Quant à la coopération du Luxembourg avec la Commission, le ministre a assuré "être engagé à collaborer pleinement avec la Commission et nous nous y tiendrons. Cela vaut pour les affaires en cours ainsi que pour les documents publiés sur internet. Il faudra voir comment la Commission se positionne mais nous en discuterons avec elle et nous coopérerons".
Le soir du 6 novembre 2014, le Ministère des Finances luxembourgeois a publié après la conférence de Pierre Gramegna des clarifications. Nous reproduisons intégralement le texte du communiqué:
"Suite à la publication par le consortium ICIJ de plus de 500 décisions anticipées en matière fiscale (“rulings”) émises par les autorités fiscales luxembourgeoises entre 2002 et 2010, le ministère des Finances tient à apporter un certain nombre de clarifications.
La pratique des décisions anticipées est bien établie dans de nombreux Etats, dont le Luxembourg. Dans de telles décisions anticipées, l'administration fiscale confirme l'application des règles nationales et internationales pertinentes à une situation donnée.
La Commission européenne a confirmé la conformité de la pratique des décisions anticipées en général avec le droit européen, pour autant qu'elles ne soient pas utilisées pour octroyer à des entreprises des avantages dont d'autres entreprises dans la même situation ne pourraient pas bénéficier.
Les décisions anticipées rendues par l'administration fiscale luxembourgeoise sont conformes au droit national, européen et international. Leur légalité n'est d'ailleurs pas remise en question.
L'interaction entre les règles nationales des différentes Etats, dans le cadre des règles internationales applicables en la matière, peut permettre à des entreprises de réduire sensiblement leur charge de l'impôt. L'analyse ne saurait dès lors être limitée au rôle qu'un seul pays donné est susceptible de jouer dans ce contexte.
Depuis la crise économique et financière, le regard que les Etats et les citoyens portent sur ces mécanismes internationaux a changé. La légitimité de certains mécanismes, conformes aux règles applicables, est aujourd'hui remise en question. Le Luxembourg partage cette analyse. En particulier, le Luxembourg estime qu'il n'est pas acceptable qu'une entreprise donnée puisse se prévaloir des règles internationales de manière à échapper de facto à toute imposition.
La communauté internationale dans son ensemble est mise devant ses responsabilités, de même que les entreprises multinationales, pour adapter les règles multilatérales aux réalités actuelles.
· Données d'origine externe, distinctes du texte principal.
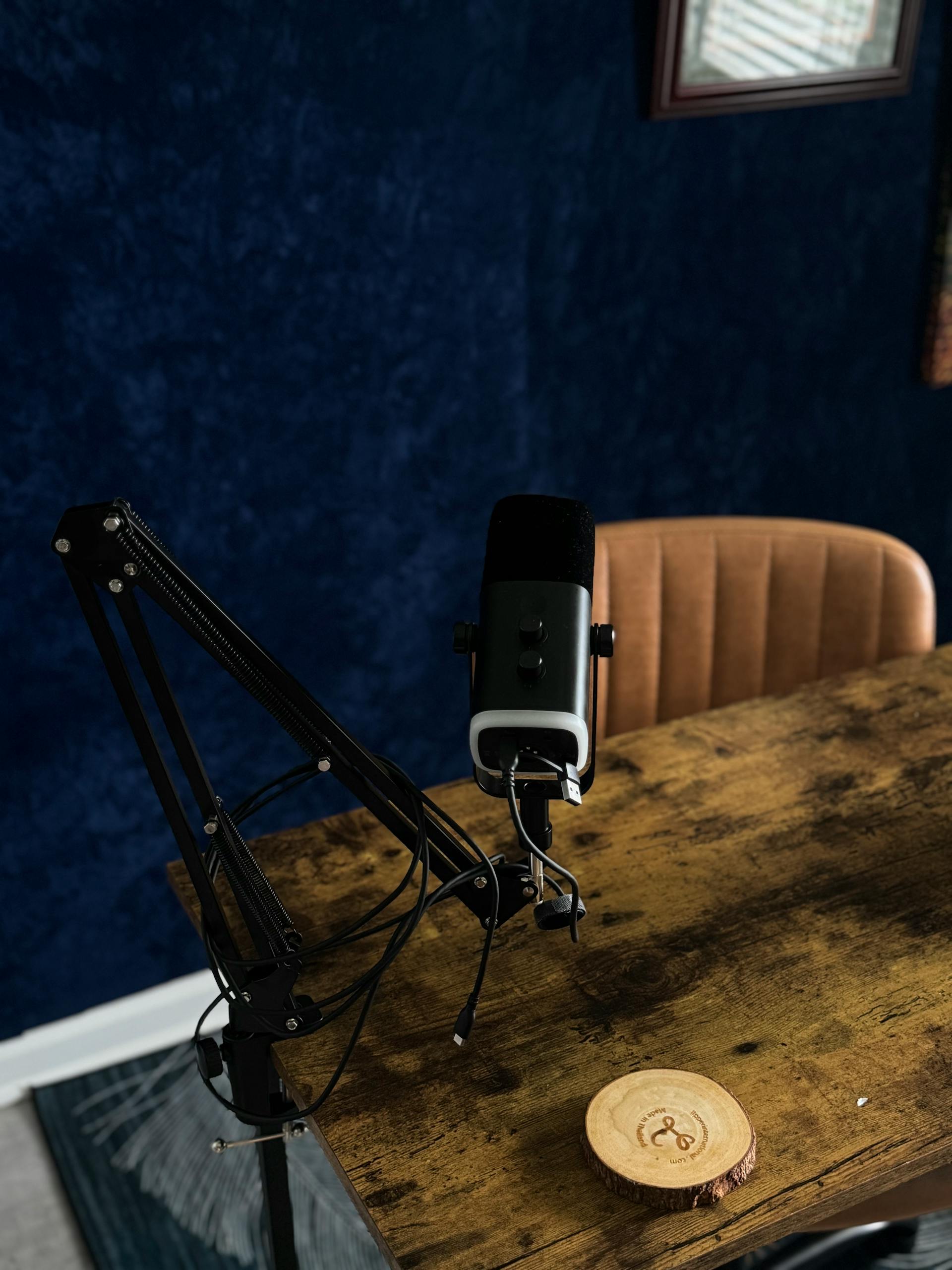 Desktop setup featuring a microphone on an adjustable arm, wooden table, and dark blue wall backdrop.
Le gouvernement luxembourgeois a pris un engagement fort en faveur de la transparence en matière fiscale. Il participe activement aux discussions au niveau de l'OCDE et de l'Union européenne, visant à mettre en place une plus grande équité fiscale au niveau mondial.
Au niveau national, le gouvernement a soumis au parlement, en début d'octobre 2014, un projet de loi visant à mieux encadrer les décisions anticipées en matière fiscale, avec l'objectif de rendre la procédure plus transparente. Au niveau européen, le Luxembourg a soutenu en juillet 2014 l'introduction dans la directive 'mère-filiale' des dispositions visant à prévenir la double non-imposition des groupes de sociétés découlant des prêts hybrides. Le Luxembourg appuie également la proposition d'introduire dans la directive 'mère-filiale' une clause générale anti-abus.
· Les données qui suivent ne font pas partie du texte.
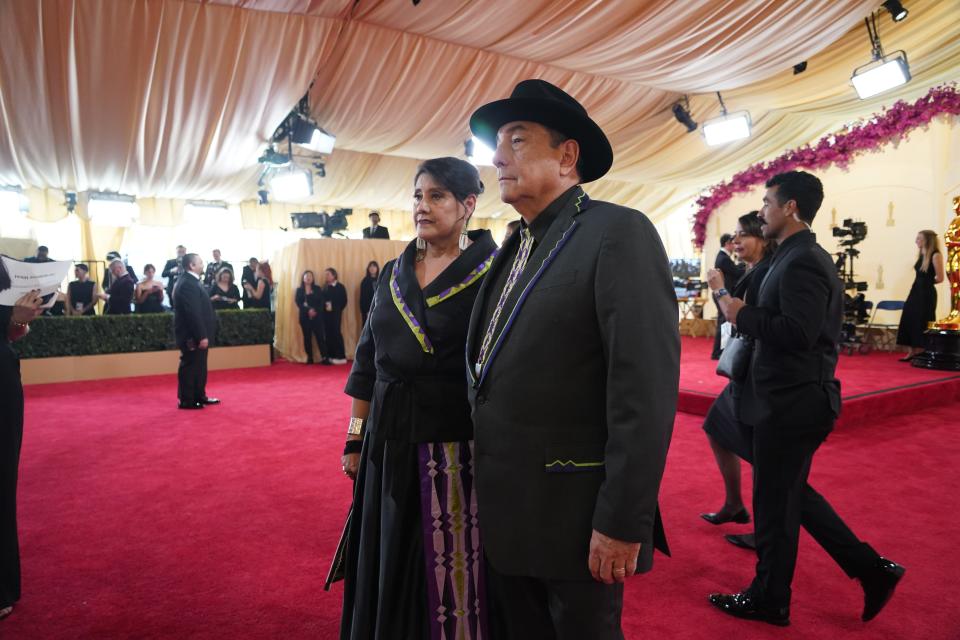 Osage singer Scott George poses on the Oscars red carpet with his wife Taveah George. Scott George was there to perform “Wahzhazhe (A Song for My People)” from Martin Scorsese’s Killers of the Flower Moon with Osage Singers at the 2024 Oscars.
Au cours des derniers mois, le Luxembourg s'est engagé de manière concrète en faveur de l'introduction de l'échange automatique d'informations en matière fiscale comme norme mondiale. Dès le 1.1.2015, le Luxembourg appliquera l'échange automatique sur base de la directive fiscalité de l'épargne, rompant ainsi avec la tradition du secret bancaire. Le Luxembourg figure parmi les 'early adopters' pour l'application de l'échange automatique au niveau de l'OCDE, dès 2017."